[Collection entries]

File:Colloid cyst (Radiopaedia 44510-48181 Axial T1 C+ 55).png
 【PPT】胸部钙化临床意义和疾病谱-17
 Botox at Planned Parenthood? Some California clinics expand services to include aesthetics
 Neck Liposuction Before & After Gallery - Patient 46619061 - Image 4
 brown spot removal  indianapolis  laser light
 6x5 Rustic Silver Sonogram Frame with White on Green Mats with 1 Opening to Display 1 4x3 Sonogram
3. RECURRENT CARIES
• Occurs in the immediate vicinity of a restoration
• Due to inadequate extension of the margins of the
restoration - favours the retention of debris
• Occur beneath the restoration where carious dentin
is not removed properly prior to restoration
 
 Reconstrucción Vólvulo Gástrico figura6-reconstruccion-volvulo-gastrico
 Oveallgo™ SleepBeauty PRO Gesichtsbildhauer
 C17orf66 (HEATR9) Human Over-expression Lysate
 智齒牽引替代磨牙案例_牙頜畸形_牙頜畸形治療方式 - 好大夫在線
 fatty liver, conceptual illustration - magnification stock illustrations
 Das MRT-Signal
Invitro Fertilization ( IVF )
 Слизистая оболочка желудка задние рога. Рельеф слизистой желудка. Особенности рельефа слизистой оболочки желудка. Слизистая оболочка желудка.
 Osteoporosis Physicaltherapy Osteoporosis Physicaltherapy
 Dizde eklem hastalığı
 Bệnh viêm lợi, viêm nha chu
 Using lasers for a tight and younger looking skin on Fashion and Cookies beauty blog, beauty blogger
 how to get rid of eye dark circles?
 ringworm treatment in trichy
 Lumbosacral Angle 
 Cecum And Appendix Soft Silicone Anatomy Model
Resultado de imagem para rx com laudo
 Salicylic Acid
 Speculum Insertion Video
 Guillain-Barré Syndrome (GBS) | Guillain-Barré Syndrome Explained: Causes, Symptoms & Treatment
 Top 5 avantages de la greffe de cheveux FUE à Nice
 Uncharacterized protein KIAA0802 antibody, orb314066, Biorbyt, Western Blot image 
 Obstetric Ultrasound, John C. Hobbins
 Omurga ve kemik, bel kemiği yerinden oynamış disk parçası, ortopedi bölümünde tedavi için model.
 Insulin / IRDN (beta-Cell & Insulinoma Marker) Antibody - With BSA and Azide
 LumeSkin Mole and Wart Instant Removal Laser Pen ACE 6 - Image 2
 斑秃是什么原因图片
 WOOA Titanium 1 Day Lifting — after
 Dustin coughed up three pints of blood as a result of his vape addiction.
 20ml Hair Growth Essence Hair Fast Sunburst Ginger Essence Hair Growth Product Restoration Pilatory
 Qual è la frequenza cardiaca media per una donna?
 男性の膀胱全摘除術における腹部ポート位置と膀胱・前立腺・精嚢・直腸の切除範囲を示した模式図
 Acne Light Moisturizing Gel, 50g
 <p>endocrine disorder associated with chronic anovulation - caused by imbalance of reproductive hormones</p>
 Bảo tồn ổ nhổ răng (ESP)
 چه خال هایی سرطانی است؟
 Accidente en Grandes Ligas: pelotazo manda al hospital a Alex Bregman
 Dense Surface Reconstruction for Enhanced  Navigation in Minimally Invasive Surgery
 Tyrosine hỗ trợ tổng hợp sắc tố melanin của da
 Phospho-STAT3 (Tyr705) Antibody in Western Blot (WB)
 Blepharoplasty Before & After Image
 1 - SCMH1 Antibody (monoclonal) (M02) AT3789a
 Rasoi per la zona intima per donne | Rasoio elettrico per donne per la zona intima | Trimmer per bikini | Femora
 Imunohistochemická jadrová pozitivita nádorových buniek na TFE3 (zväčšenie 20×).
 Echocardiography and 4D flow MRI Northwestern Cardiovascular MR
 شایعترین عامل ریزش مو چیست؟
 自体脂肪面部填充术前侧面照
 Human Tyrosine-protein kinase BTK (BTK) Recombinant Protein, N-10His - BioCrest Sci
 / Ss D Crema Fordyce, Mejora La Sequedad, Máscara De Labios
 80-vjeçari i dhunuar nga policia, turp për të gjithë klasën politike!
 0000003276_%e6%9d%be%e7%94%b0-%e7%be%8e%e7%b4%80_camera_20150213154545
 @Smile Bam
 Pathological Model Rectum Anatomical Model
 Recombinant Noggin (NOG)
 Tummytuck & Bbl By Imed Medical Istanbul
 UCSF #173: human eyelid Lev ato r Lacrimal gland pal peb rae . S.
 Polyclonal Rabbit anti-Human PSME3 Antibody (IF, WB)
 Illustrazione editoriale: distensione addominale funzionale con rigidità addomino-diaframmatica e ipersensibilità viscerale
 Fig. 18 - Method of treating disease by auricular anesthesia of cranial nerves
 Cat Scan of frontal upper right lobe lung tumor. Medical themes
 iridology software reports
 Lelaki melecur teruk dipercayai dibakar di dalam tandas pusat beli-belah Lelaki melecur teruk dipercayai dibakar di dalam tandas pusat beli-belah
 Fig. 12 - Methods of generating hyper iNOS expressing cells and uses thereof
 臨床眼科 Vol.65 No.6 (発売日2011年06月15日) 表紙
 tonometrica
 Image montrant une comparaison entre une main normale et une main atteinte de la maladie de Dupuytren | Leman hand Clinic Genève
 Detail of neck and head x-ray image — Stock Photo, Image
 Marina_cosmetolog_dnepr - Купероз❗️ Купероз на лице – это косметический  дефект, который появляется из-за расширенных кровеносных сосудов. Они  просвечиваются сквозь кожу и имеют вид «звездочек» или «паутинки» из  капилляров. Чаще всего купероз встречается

=== ACTION ITEM ===
All lines above between those holding "Blepharoplasty Before & After Image" and "Tummytuck & Bbl By Imed Medical Istanbul", inclusive, must be set down unchanged, and no other line may be included.

=== WRITTEN ANSWER ===
 Blepharoplasty Before & After Image
 1 - SCMH1 Antibody (monoclonal) (M02) AT3789a
 Rasoi per la zona intima per donne | Rasoio elettrico per donne per la zona intima | Trimmer per bikini | Femora
 Imunohistochemická jadrová pozitivita nádorových buniek na TFE3 (zväčšenie 20×).
 Echocardiography and 4D flow MRI Northwestern Cardiovascular MR
 شایعترین عامل ریزش مو چیست؟
 自体脂肪面部填充术前侧面照
 Human Tyrosine-protein kinase BTK (BTK) Recombinant Protein, N-10His - BioCrest Sci
 / Ss D Crema Fordyce, Mejora La Sequedad, Máscara De Labios
 80-vjeçari i dhunuar nga policia, turp për të gjithë klasën politike!
 0000003276_%e6%9d%be%e7%94%b0-%e7%be%8e%e7%b4%80_camera_20150213154545
 @Smile Bam
 Pathological Model Rectum Anatomical Model
 Recombinant Noggin (NOG)
 Tummytuck & Bbl By Imed Medical Istanbul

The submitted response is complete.